> Data in this exercise

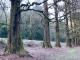 Metasequoia glyptostroboides
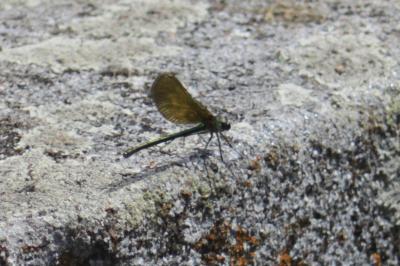 <i>Calopteryx virgo</i>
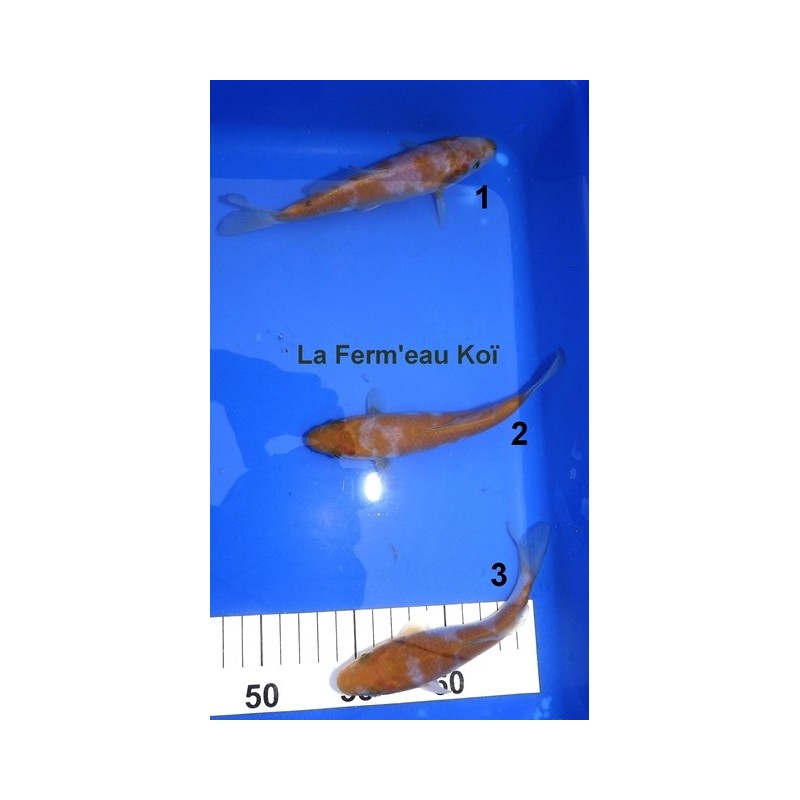 Tosaï : Ochiba Shigure Yamajyu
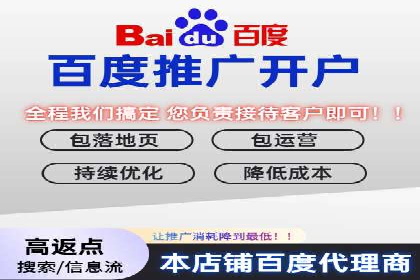 专业SEM托管服务成功案例分享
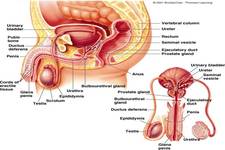 Concept Male Reproductive Development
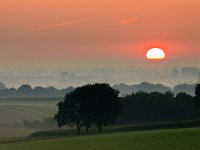 Sun is coming up over farmland  Sun is coming up over farmland : Netherlands, SHADOW, agrarische, agricultural, agriculture, atmosphere, back, beauty, biotoop, bomen, boom, color, colorful, country, countryside, creatief, creative nature, dageraad, dawn, daybreak, dusk, dutch, environment, farm, farmland, field, fog, foggy, geel, gelderland, gloed, gloeiend, glow, glowing, gras, grass, green, groen, groesbeek, haze, hazy, hemel, heuvel, heuvels, hill, hills, holland, horizon, kant, kleur, kleurrijk, land, landbouw, landbouwgrond, landelijk, landscape, landschap, licht, lit, milieu, mist, mistig, misty, mood, morning, mysterieus, mysterious, mystic, mystical, mystiek, mystieke, natural, nature, natuur, natuurlijk, natuurlijke, nederland, nederlands, nederrijk, nevel, nevelig, niemand, nobody, non-urban, ochtend, ochtendgloren, omgeving, opkomst, orange, oranje, pasture, platteland, roze, rudmer zwerver, ruraal, rural, scene, scenery, scenic, schaduw, schaduwen, schemering, schoonheid, scène, serene, sfeer, shade, shades, side, silhouet, silhouette, silhouetted, sky, stemming, summer, sundown, sunrise, sunset, tegenlicht, tree, uitzicht, upcoming, veld, view, wazig, weide, yellow, zomer, zonsondergang, zonsopgang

> Task to complete
Could you repeat, exactly, only the lines above starting at the one that has "<i>Calopteryx virgo</i>" and stopping after the one that has "Concept Male Reproductive Development", without the pictures?

> Task answer
 <i>Calopteryx virgo</i>
 Tosaï : Ochiba Shigure Yamajyu
 专业SEM托管服务成功案例分享
 Concept Male Reproductive Development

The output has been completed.